-- Required action --
Each record must be copied in full and unchanged; any image it holds is excluded.

-- Data under study --
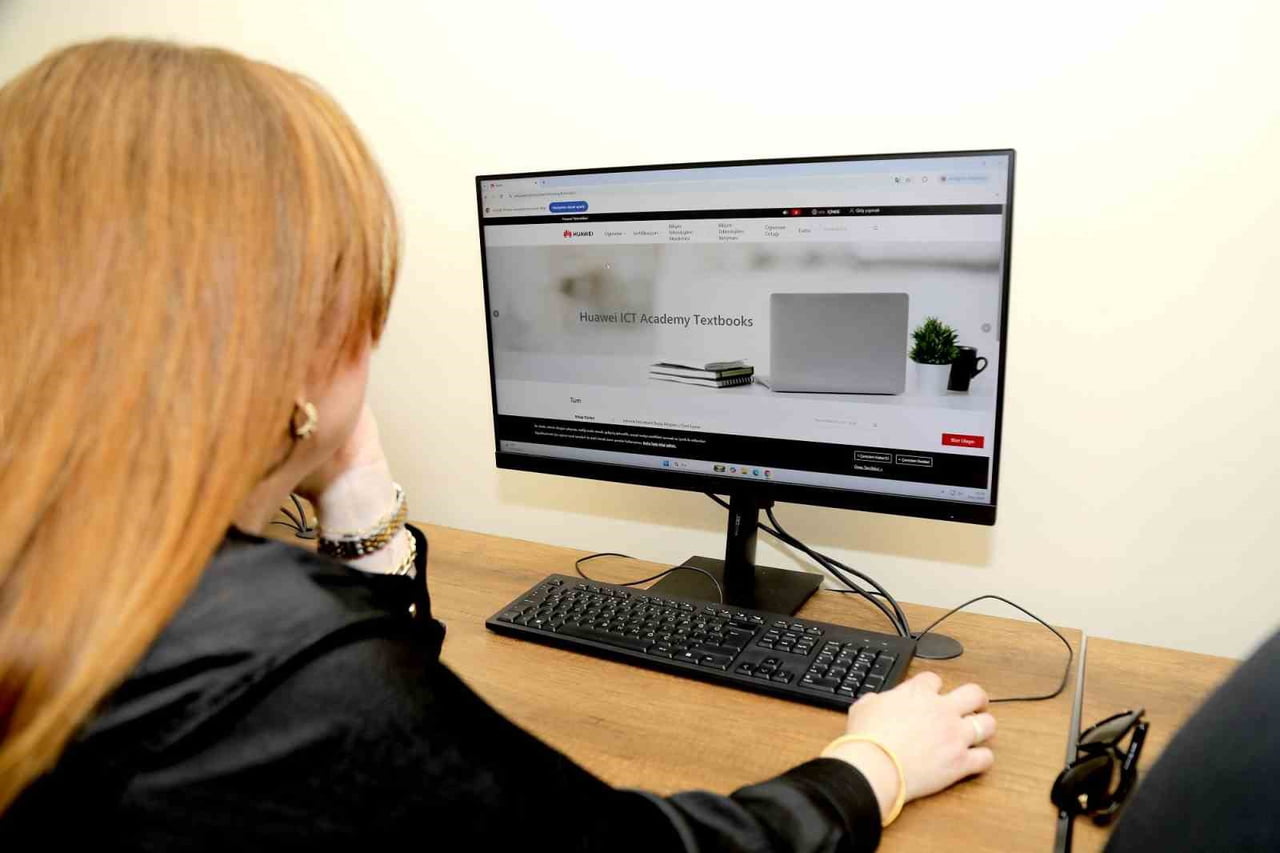 GAZİANTEP’TE GENÇLERE KÜRESEL TEKNOLOJİ EĞİTİMİ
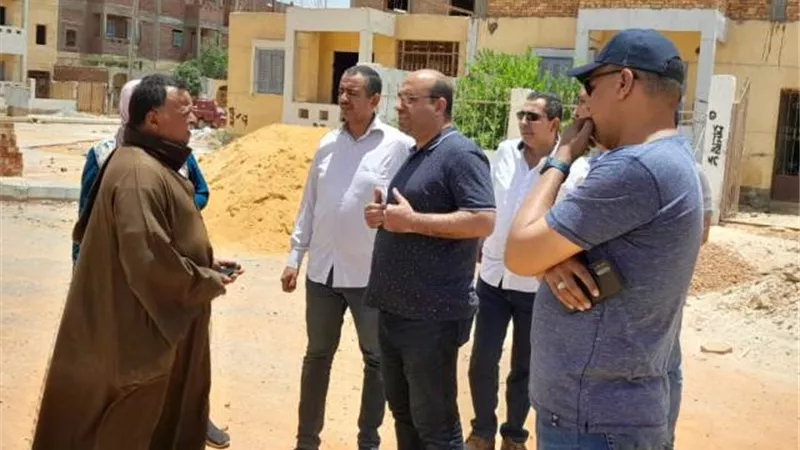 جهاز سوهاج الجديدة يزيل 3 مخالفات مبانى ويصادر معدات المقاولين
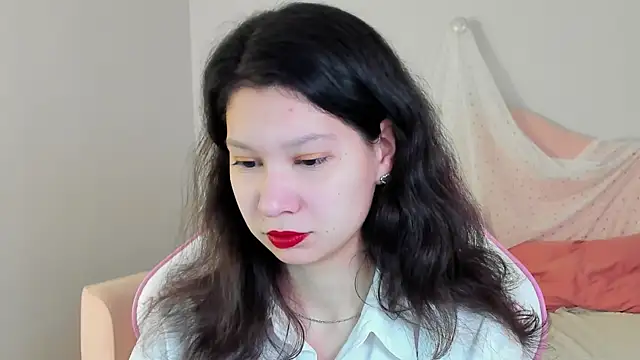 Snapshot of SaraDenars chatting on 11-18-25, 05:12 SaraDenars online show from 11-18-25, 05:12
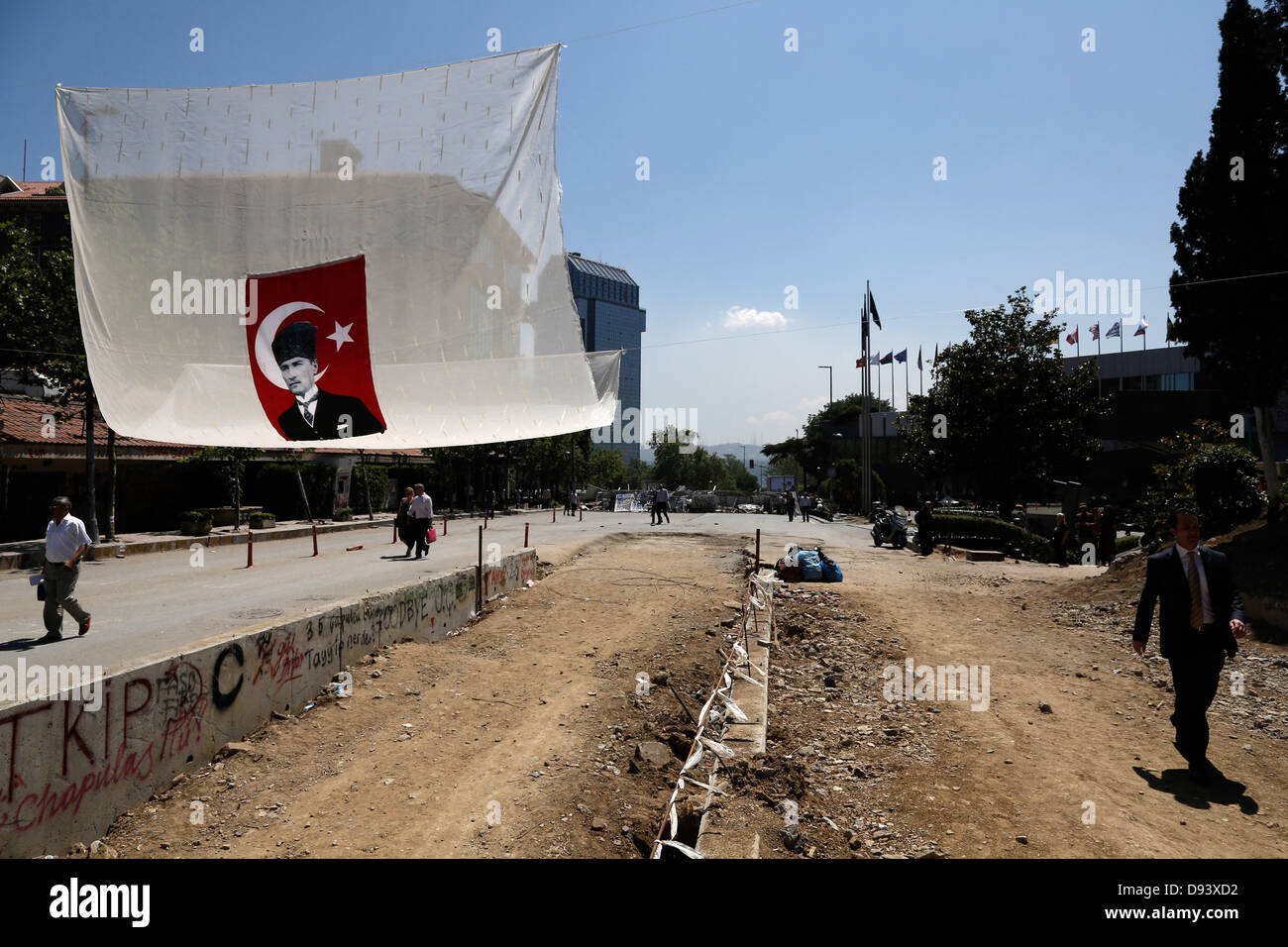 Istanbul, Turchia. Decimo Giugno, 2013. Gezi Park si riattiva fino al quattordicesimo giorno di contestatori. Le proteste che sono state innescate da un piano di demolizione di Istanbul's Gezi Park in Piazza Taksim hanno continuato. Governo anti-contestatori svegliò fino al quattordicesimo giorno di veglia a Gezi Park in Istanbul city-center. Lunedì. Giugno 10, 2013. Credito: Konstantinos Tsakalidis/Alamy Live News Foto Stock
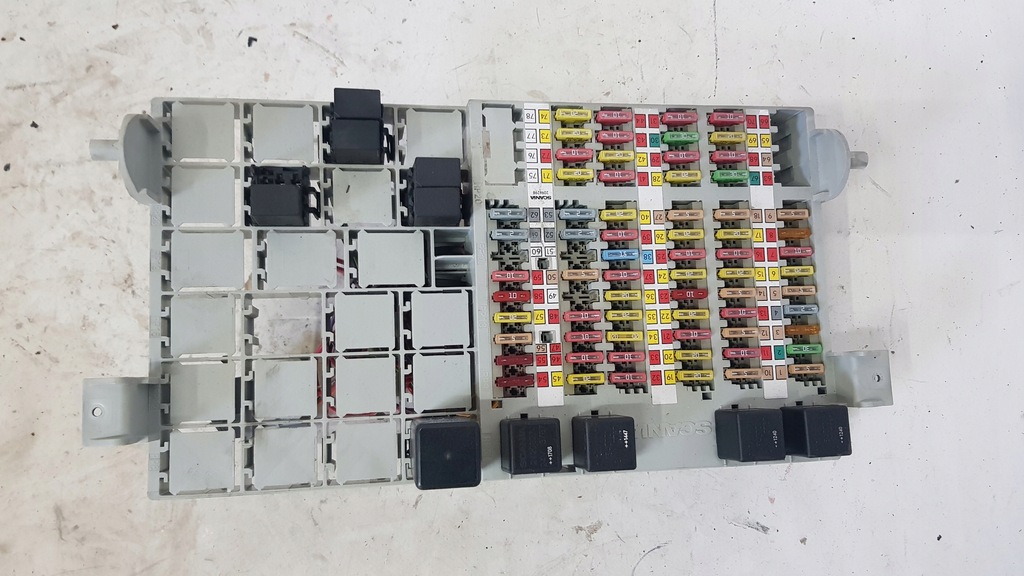 фото №1, Коробка панель запобіжників scania r 2096304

-- Response to this exercise --
 GAZİANTEP’TE GENÇLERE KÜRESEL TEKNOLOJİ EĞİTİMİ
 جهاز سوهاج الجديدة يزيل 3 مخالفات مبانى ويصادر معدات المقاولين
 Snapshot of SaraDenars chatting on 11-18-25, 05:12 SaraDenars online show from 11-18-25, 05:12
 Istanbul, Turchia. Decimo Giugno, 2013. Gezi Park si riattiva fino al quattordicesimo giorno di contestatori. Le proteste che sono state innescate da un piano di demolizione di Istanbul's Gezi Park in Piazza Taksim hanno continuato. Governo anti-contestatori svegliò fino al quattordicesimo giorno di veglia a Gezi Park in Istanbul city-center. Lunedì. Giugno 10, 2013. Credito: Konstantinos Tsakalidis/Alamy Live News Foto Stock
 фото №1, Коробка панель запобіжників scania r 2096304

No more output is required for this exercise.